Les trois principaux opérateurs de téléphonie en Chine ont lancé vendredi la commercialisation dans 50 villes du pays de services 5G. Et Huawei a signé une soixantaine de contrats avec des opérateurs et livré 400 000 antennes 5G dans le monde pour déployer sa technologie.

Trois questions à Joy Tan.

Quelle est votre réaction à la proposition de l’autorité américaine des télécoms ?

Nous comprenons les inquiétudes de l’administration américaine mais les États-Unis n’ont jamais fourni de preuves que Huawei posait la moindre menace en matière de sécurité.  

Mais nous sommes dans les télécoms depuis plus de 30 ans, nous travaillons avec plus de 500 opérateurs sur la planète, nous connectons plus de 3 milliards de personnes, et nous n’avons jamais eu d’incident de cybersécurité majeur.

La dernière proposition de la FTC, qui cible des entreprises en fonction de leur pays d’origine, ne va pas rendre les réseaux américains plus sûrs. Cela va surtout affecter les opérateurs des zones rurales américaines, les endroits les moins bien desservis, et donc agrandir le fossé numérique et ralentir le développement économique.

Nos fournisseurs américains de composants, comme Intel, Qualcomm, Micron, etc., sont aussi touchés à court terme. Nous leur achetons pour 11 milliards de dollars de produits et services chaque année, cela représente environ 40-50 000 emplois… Nous espérons qu’ils ne sont pas en danger.

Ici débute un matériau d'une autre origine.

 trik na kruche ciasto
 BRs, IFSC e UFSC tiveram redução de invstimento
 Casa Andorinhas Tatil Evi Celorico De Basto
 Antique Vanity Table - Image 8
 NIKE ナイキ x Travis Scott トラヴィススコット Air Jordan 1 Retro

Comment se passe le déploiement de la 5G ?

Les utilisateurs bénéficient de vitesses beaucoup plus rapides et les opérateurs génèrent de nouveaux revenus. En Corée du Sud, 6 mois après le lancement, il y a déjà 3,5 millions de personnes qui se servent d’appareils 5 G. Les applications de réalité virtuelle et de réalité augmentée sont de plus en plus utilisées.  

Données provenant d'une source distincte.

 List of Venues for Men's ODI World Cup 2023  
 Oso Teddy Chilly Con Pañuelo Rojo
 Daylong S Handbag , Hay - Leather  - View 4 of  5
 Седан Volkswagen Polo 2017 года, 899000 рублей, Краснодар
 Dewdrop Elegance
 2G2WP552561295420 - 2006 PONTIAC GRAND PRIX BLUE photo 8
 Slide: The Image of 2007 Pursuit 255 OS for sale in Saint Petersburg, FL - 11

Ces utilisateurs consomment en moyenne 1,3 Gigaoctets chacun par jour, contre 4 à 5 Gigaoctets par personne et par mois, d’ordinaire.

En Chine, la 5G est arrivée beaucoup plus vite que prévu. Nous continuons à expédier beaucoup d’antennes et nous commençons à voir apparaître des applications industrielles.  

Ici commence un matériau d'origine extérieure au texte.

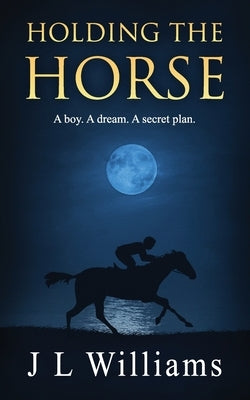 Holding The Horse Paperback Cave Books
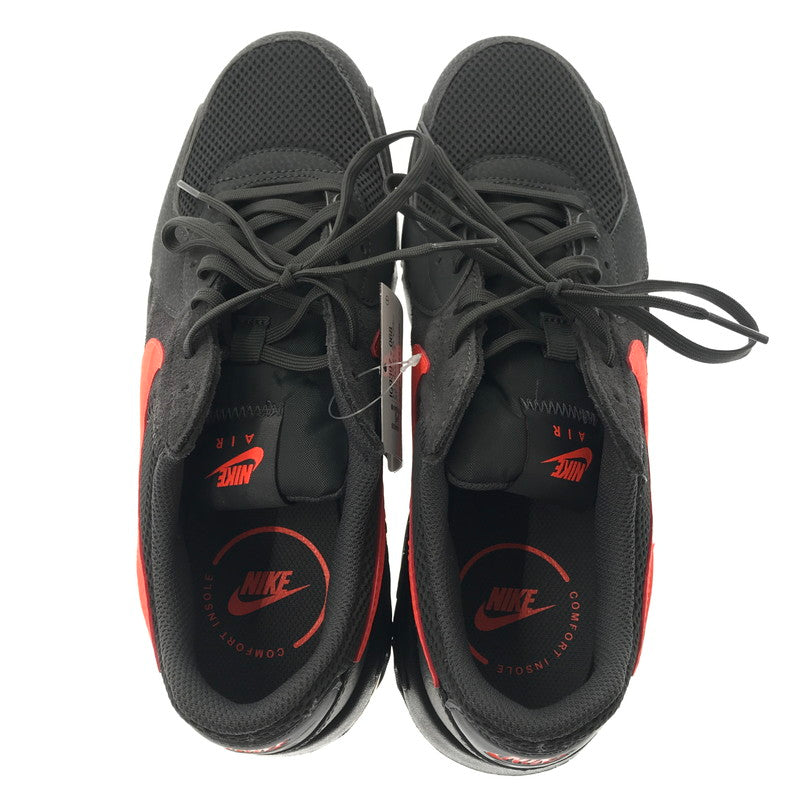 【中古美品】【メンズ】 NIKE ナイキ AIR MAX EXCEE IQ9397-068 エア マックス エクシー スニーカー 靴 160-260902-na-04-tagh サイズ：27.5cm US 9.5 カラー：IRON GREY/HYPER CRIMSON-BLACK 万代Net店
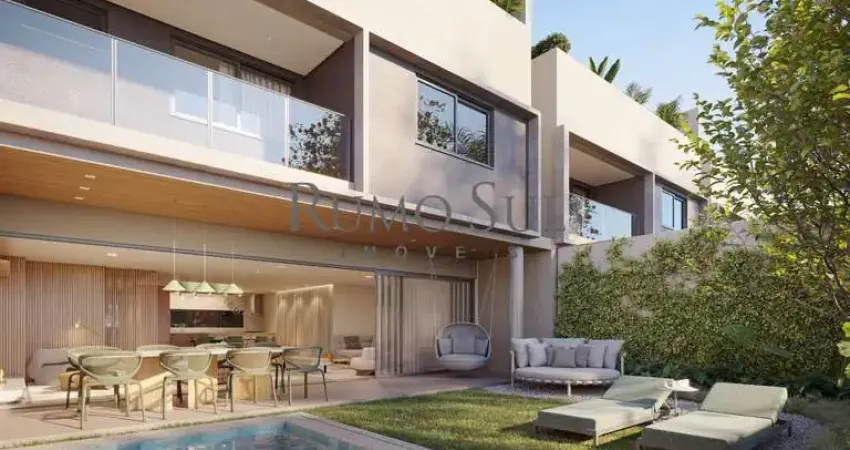 Casa em condomínio fechado com 4 quartos à venda na Rua Tibiriçá, 185, Brooklin Paulista, São Paulo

Avec China Mobile (le plus grand opérateur au monde en termes d’abonnés, NDLR), nous avons lancé des camions 5G sans conducteur pour les compagnies minières en Mongolie. Ils sont plus rapides (35 km/h au lieu de 10 km/h), plus sûrs et ils permettent de réaliser des économies de l’ordre de 160 000 dollars par camion et par an.

Huawei avance très vite dans la 5G, nous estimons avoir accumulé une avance de 12-18 mois sur nos concurrents. Nos antennes 5G les plus récentes sont livrées sans aucun composant américain, donc nous ne dépendons plus des États-Unis pour les composants.  

Pourquoi ne pas vous passer des États-Unis ?

Si le gouvernement américain autorise les grands fournisseurs à nous livrer des composants, nous continuerons à en acheter, même si nous avons nos propres solutions et alternatives.

En termes de systèmes d’exploitation, nous avons lancé Harmony OS [alternative au système Android de Google, NDLR]. C’est un système léger, compact et puissant, nous l’utilisons pour les objets connectés, comme les montres, les écrans, les enceintes… tout l’écosystème Huawei.  

Nous voulons continuer à travailler avec Google, donc nous espérons qu’ils vont obtenir une licence temporaire du gouvernement américain pour pouvoir continuer à nous fournir, mais sinon nous installerons Harmony sur nos téléphones intelligents aussi.

Le principe de Huawei a toujours été d’innover en collaborant avec les meilleurs, or les États-Unis ont les meilleures innovations et entreprises.

Notre fondateur, Ren Zhengfei, a proposé de vendre des brevets de notre technologie 5G à des entreprises américaines, pour favoriser l’innovation et la compétition dans l’industrie. Cela permettrait aussi d’apaiser certaines inquiétudes du gouvernement américain.  

Certaines entreprises sont intéressées et sont en discussion avec Huawei.